El tiempo que viví en Colombia, en una ciudad llamada Ocaña en Norte de Santander, y que, a todas luces, parecía más a un pueblo que una urbe, pude conocer a una señora venezolana, de unos cuarenta y tantos años, cuya vida no estaba llena de lujos ni riquezas. Más bien, llevaba una vida tranquila pero miserable, con una hija de unos seis años si mal no recuerdo. Una casita humilde, pero de seguro, con mucho calor humano. Como muchas madres, decidió confiar en las promesas de ‘una amiga’ que ya estaba instalada en Ocaña. Le prometió recibirla y hasta ubicarle un empleo digno con lo cual podría ayudar a su familia de Venezuela.
Nada estaba más alejado de esa realidad soñada. Como muchas personas ansiosas de un mejor porvenir, esta señora logró llegar a Colombia haciendo un gran esfuerzo económico y humano. Se encontró con su ‘amiga’. Esta mujer que se había anunciado como salvadora, la que le solucionaría los problemas, no tardó en quitarle sus documentos de identidad y algunas pertenencias, para poder someterla a lo que tanto temen las mujeres.
Cómo no, claro que le tenía un trabajito. La chamba consistía en atender a cierta cantidad de hombres mañosos que no eran precisamente Brad Pitt o Leonardo DiCaprio, a diario. Mientras eso sucedía, ella viviría en esa suerte de ‘huarique sexual’ de mala muerte hasta pagar la deuda que había generado su viaje y hospedaje, en ese pueblo.
Así que, ahí se encontraba esta señora de cuarenta y tantos años, prostituyéndose contra su voluntad. Pagando una deuda diaria que ella no solicitó. Mientras ella me contaba lo que había vivido hasta entonces, yo no podía quitar la imagen de su hija en mi cabeza.

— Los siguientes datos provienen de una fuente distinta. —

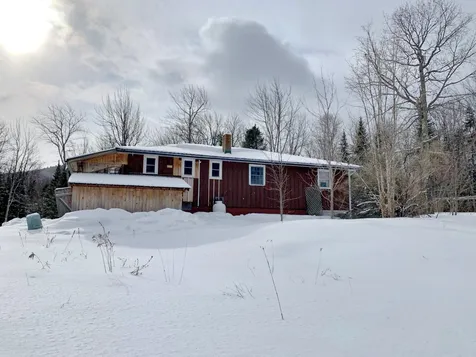 794 Bonin Road Newport Town VT 05857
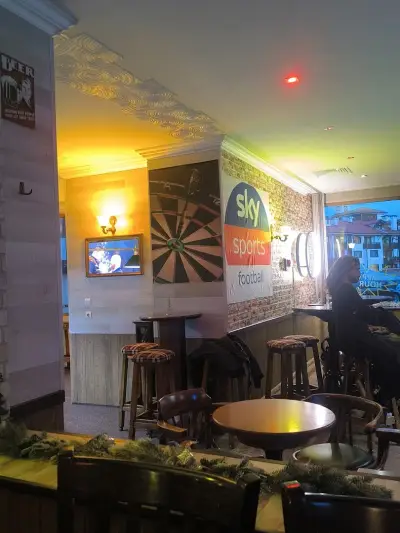 MORRIS BAR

Una criatura inocente, totalmente ajena a todo lo que su mamita hizo para darle un poco de bienestar y mejor futuro.
Para hacer el cuento corto, esta mujer guerrera y valiente logró juntar dinero y saldar esa terrible y absurda deuda, recobró su documentación y salir de ese antro de mala muerte. Consiguió hacer amistad con un señor de buenos sentimientos que le ayudó a reencontrarse con su menor hija, y pudo trabajar en una tienda de ropa en donde yo también trabajé, llamada irónicamente ‘El Hueco’. Ahí fue donde la conocí y supe, de su propia voz, cómo llegó hasta ese lugar.

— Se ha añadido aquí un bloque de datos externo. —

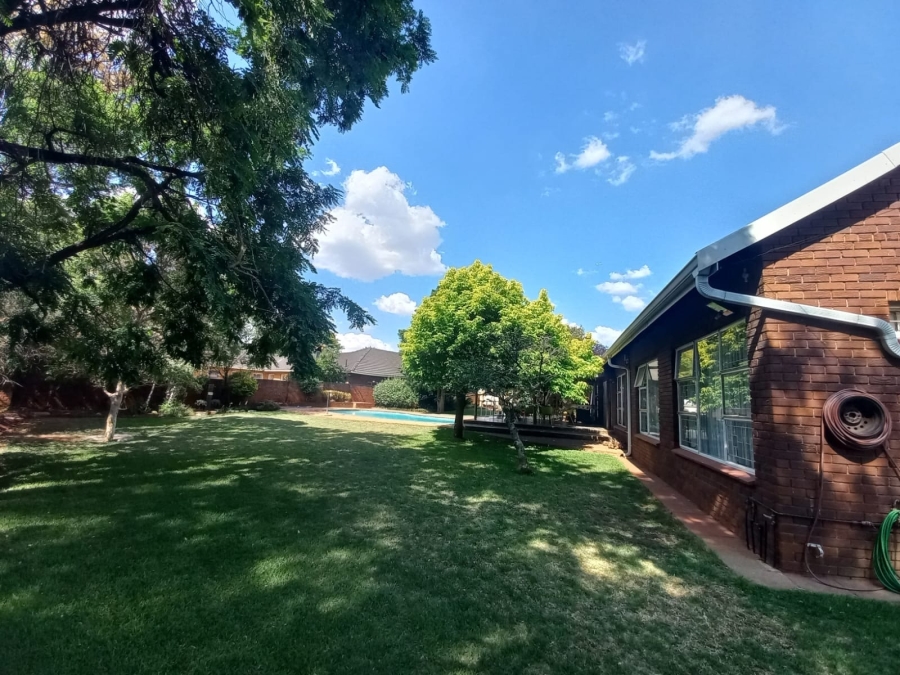 5 Bedroom Property for Sale in Kenleaf Gauteng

Desde entonces, no supe más de ella. Espero que esté bien y feliz con su hijita. Pero, la moraleja de esto es muy simple. Nadie sabe las batallas que otros han tenido que librar para estar donde están. Algunas batallas son luchas limpias y honestas. Pero otras, son tus adversarios los que juegan sucio y está en ti pelearla hasta el final. Por eso, debemos ser compasivos, empáticos y solidarios. No importa de dónde venga esa persona. No importa lo que tenga o no tenga. Tal vez esa persona, que bien pudieras ser tú, ha tenido que luchar muchas batallas para estar ahí.
(*) Desiré M. Mendigaña Mogrovejo. Nace en Lima, Perú, pero migra a Venezuela a los tres años. Egresada como Licenciada en Comunicación Social Mención Audiovisual de la Universidad Santa María en la ciudad de Caracas (Venezuela). Trabajó como productora de televisión en programas culturales, fue reportera y presentadora del noticiero cultural. En 2012, fue corresponsal en Uruguay de la ‘I Gira Internacional de la Orquesta Filarmónica de Venezuela’. En 2018 migró a Colombia donde trabajó como locutora y productora del ‘Noticiero del mediodía’, de la cadena Caracol Radio, en la ciudad de Ocaña. En 2019, regresa al Perú después de 37 años. Distante, pero nunca ausente de la cultura y tradición peruana.